◆ Task item ◆
Restate word for word the lines of the records below, starting at the line that contains "White House Black" and ending at the line that contains "2025 Summer New", with both of those lines included and nothing else.

>>>

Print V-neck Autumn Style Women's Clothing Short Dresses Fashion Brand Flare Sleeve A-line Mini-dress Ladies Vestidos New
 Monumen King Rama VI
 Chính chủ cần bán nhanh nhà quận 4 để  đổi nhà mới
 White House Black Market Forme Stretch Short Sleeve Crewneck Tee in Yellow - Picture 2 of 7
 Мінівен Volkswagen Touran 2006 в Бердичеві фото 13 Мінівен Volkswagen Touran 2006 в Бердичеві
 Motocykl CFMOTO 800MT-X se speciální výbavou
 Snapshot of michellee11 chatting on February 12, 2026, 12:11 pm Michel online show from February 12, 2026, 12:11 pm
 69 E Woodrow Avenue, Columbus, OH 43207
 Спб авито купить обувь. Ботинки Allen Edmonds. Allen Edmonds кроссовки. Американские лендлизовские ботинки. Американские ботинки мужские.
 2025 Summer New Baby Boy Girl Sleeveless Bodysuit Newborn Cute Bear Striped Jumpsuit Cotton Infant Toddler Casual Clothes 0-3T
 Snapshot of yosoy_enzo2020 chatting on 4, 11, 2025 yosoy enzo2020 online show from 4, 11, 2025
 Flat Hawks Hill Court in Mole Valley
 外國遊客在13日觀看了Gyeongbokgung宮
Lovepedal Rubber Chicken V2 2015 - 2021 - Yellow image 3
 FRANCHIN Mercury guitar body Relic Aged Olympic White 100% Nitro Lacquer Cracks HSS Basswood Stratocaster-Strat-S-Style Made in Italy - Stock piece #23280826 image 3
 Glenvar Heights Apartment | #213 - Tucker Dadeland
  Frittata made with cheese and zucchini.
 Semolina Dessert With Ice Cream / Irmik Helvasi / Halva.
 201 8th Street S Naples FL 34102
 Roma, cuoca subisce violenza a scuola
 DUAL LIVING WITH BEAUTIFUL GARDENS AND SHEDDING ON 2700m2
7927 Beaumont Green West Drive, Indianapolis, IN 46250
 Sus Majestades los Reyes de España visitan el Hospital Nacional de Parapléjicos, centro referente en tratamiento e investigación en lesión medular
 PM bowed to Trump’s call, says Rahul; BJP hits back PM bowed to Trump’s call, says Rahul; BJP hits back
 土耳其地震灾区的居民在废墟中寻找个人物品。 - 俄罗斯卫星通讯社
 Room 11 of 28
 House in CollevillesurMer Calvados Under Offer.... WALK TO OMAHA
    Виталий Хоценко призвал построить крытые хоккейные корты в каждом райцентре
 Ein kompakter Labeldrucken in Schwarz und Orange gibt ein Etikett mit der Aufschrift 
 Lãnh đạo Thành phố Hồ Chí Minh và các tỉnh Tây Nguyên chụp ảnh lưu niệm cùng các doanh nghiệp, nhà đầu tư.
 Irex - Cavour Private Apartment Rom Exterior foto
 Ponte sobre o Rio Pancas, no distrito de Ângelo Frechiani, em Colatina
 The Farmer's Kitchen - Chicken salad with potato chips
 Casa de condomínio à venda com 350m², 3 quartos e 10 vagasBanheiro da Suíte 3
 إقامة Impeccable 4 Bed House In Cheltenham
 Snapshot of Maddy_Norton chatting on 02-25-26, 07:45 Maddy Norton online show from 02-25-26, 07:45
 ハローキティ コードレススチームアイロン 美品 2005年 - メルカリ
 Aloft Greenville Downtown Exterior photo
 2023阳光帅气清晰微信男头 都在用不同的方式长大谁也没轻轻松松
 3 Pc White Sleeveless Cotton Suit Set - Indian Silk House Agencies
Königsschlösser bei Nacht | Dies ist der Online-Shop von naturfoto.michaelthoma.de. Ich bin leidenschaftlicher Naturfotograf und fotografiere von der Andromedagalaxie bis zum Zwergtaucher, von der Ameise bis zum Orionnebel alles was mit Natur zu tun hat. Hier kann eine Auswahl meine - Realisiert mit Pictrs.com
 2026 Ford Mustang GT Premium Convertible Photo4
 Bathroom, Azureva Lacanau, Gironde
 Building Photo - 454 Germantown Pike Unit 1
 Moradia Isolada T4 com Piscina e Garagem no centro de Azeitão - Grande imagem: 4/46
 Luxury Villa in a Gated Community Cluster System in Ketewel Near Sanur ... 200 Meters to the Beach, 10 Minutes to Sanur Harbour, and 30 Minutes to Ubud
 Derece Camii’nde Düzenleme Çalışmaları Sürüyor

<<<

◆ Expected answer ◆
 White House Black Market Forme Stretch Short Sleeve Crewneck Tee in Yellow - Picture 2 of 7
 Мінівен Volkswagen Touran 2006 в Бердичеві фото 13 Мінівен Volkswagen Touran 2006 в Бердичеві
 Motocykl CFMOTO 800MT-X se speciální výbavou
 Snapshot of michellee11 chatting on February 12, 2026, 12:11 pm Michel online show from February 12, 2026, 12:11 pm
 69 E Woodrow Avenue, Columbus, OH 43207
 Спб авито купить обувь. Ботинки Allen Edmonds. Allen Edmonds кроссовки. Американские лендлизовские ботинки. Американские ботинки мужские.
 2025 Summer New Baby Boy Girl Sleeveless Bodysuit Newborn Cute Bear Striped Jumpsuit Cotton Infant Toddler Casual Clothes 0-3T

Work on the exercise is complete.